Malaysia–Morocco relations refers to bilateral foreign relations between Malaysia and Morocco. Malaysia has an embassy in Rabat, and Morocco has an embassy in Kuala Lumpur. Both countries are members of the Organisation of Islamic Cooperation.

== History ==
Morocco established relations with Malaysia right after Malaysia's been formed in 1963. On 15 April 2002, Malaysian Prime Minister Mahathir Mohamad left for Morocco. In 2010, Abdul Khalid Ibrahim who is the Menteri Besar of Selangor made a working visit to Morocco. While Moroccan former Minister of Tourism also made a visit to Malaysia on the same year.

== Economic relations ==
Several agreements and memorandum of understanding has been signed between the two countries. In 2008, the total trade between Malaysia and Morocco reached nearly $65 million. The total Malaysian exports to Morocco reached $50.6 million while Moroccan exports to Malaysia worth around $14.4 million. Malaysian exports are such as consumer products, electrical and electronic products, plastic, chemical materials and products, manufactured metals, products of animal origin, textile and clothing, rubber products, transportation equipment while Morocco exports were copper, semi products, mineral goods and other finished products. While investments from Malaysia are mainly in oil and gas in which Petronas is involved.
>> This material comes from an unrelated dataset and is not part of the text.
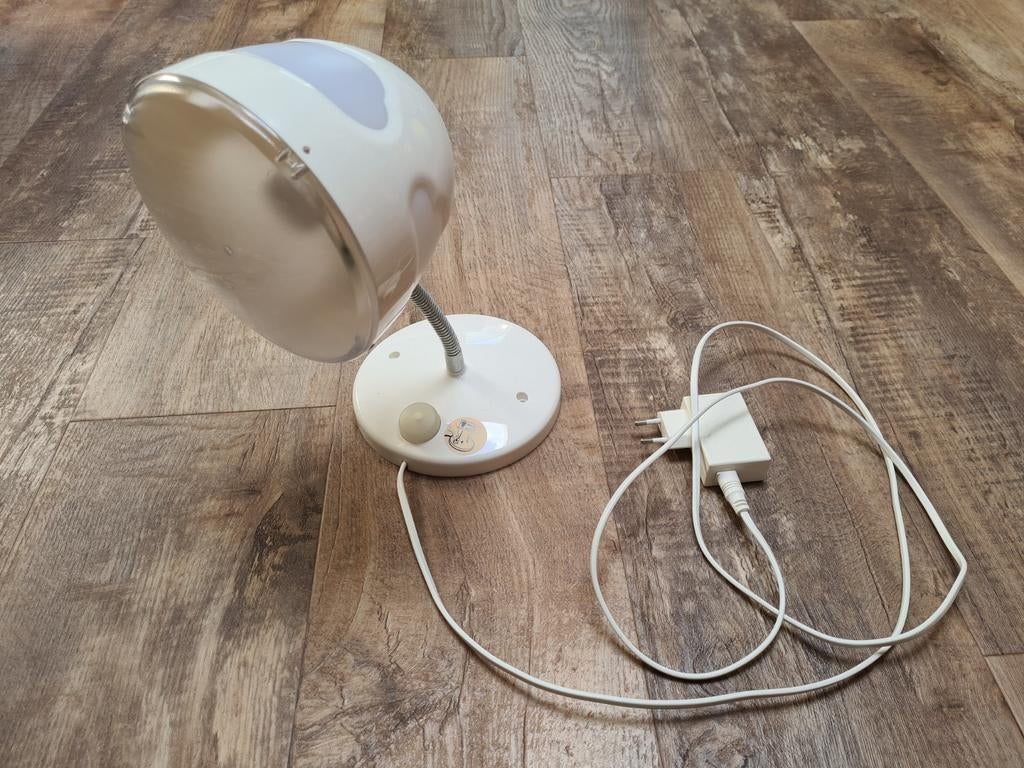 Kinder nachtlamp/ bureaulamp wolken Skojig Ikea 4-standen, Huis en Inrichting, Lampen | Wandlampen, Zo goed als nieuw, Kunststof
Other Malaysian companies also has been invited to invest in Morocco especially on the housing sector and both countries working close on palm oil.

== Education relations ==
Between 2008 and 2009, 15 Moroccan scholarships were awarded to Malaysian students to undertake Arabic language and Islamic studies at Moroccan universities.

== Cultural links ==
Moorish architecture influences also can be found on several buildings in Putrajaya, which is the Malaysia's federal governments administrative centre.

== Cyber security ==
A memorandum of understanding on computer security were also signed to become close partners in cyber security.
== Resident diplomatic missions ==
- Malaysia has an embassy in Rabat.
- Morocco has an embassy in Kuala Lumpur.